The rest of your comment here is either grossly distorted claims or just plain wrong. If you do decide to return to this after one more tiresome time of saying you are out of here and ending in a puffed up self-righteous huff, how about posting some links that support your charges.
-
by A Guy Called LULU on Sun, 04/06/2014 - 12:34am
I've made one charge, i.e. that you're obsessed with Jew stuff. I stand by it, decline your invitation to back up my charges, and note that if I had called you full of shit I might be charged with having violated the terms of service. But I think you get kind of like mascot treatment around here; kind of like TOS affirmative action for Lulu. Which is fine; I'm not offended and you can post what you'd like, and I will presume that you are more intelligent than a newt and respond accordingly -- but only when I want to.
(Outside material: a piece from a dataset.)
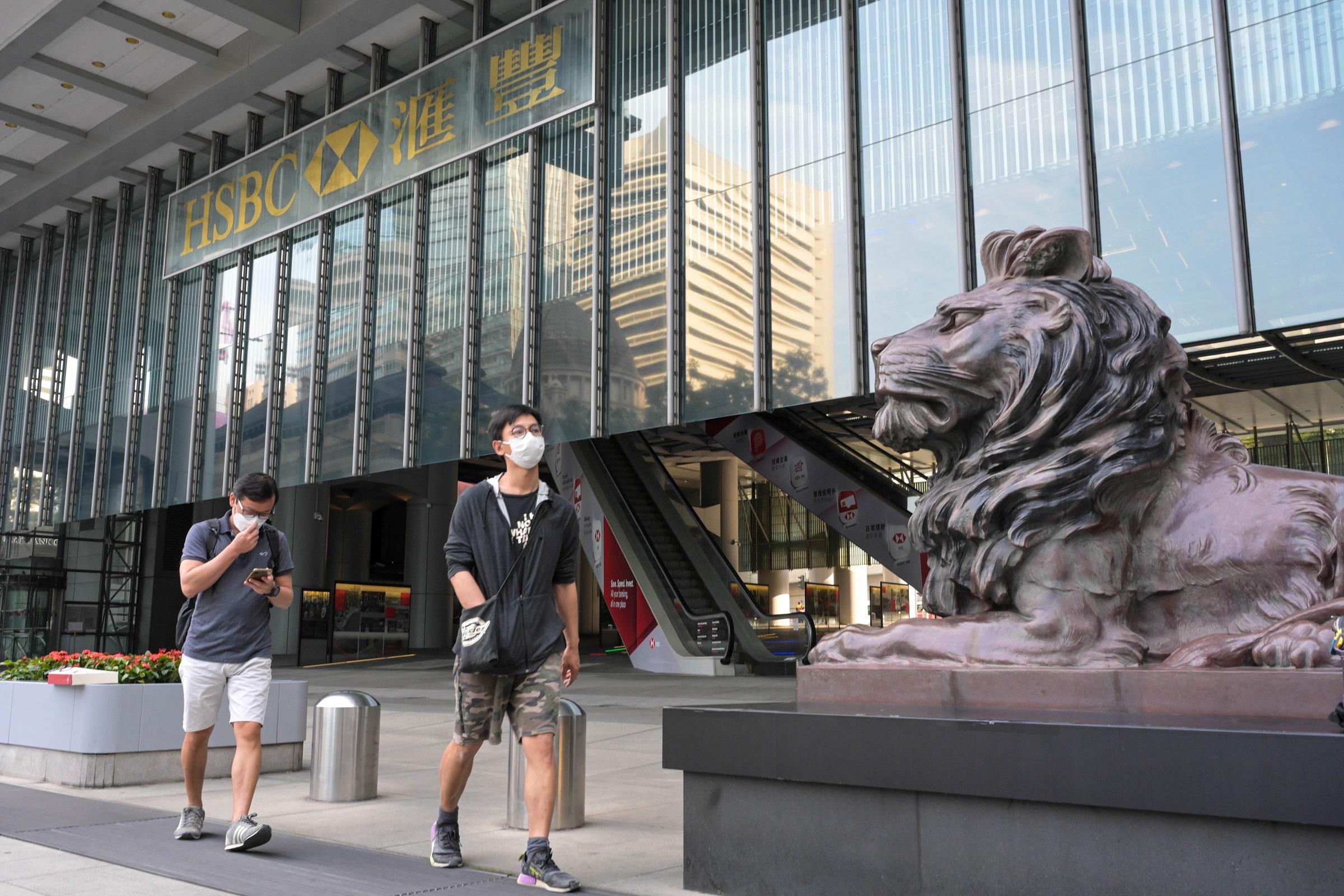 藍籌表現|舊經濟股發威!中海油滙控本周齊漲逾7%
But that's just me. Obviously some people seem to think your stuff is worthwhile even when you're too timid to explain the significance of the Jew stuff you post. But I'm not throwing a hissy fit at your request; sorry, I also have a hunch that you get off on that. Whatever rocks your boat dude.
by Bruce Levine on Sun, 04/06/2014 - 9:48am
Yep, the umps are biased towards Lulu - giving him those line faults, bringing him sandwiches between sets... it's like a reality show with Paris Hilton.
by PeraclesPlease on Sun, 04/06/2014 - 10:09am
It seems to me that it's hardly off topic to ask you, the poster, to explain what you find interesting in an article you posted. Surely, something interested you when you saw the article--I'm asking you what that was.
If you want it stated less "personally," then I might ask: What's interesting about this article? Anyone? A good answer to this question is not: The Forward published it and so did Haaretz, which is where you went.
As I said at the top, I find it hard to "get" a number of your posts because you seem to be dancing around what you mean to say. It's like someone trying to communicate with body language instead saying what they mean outright.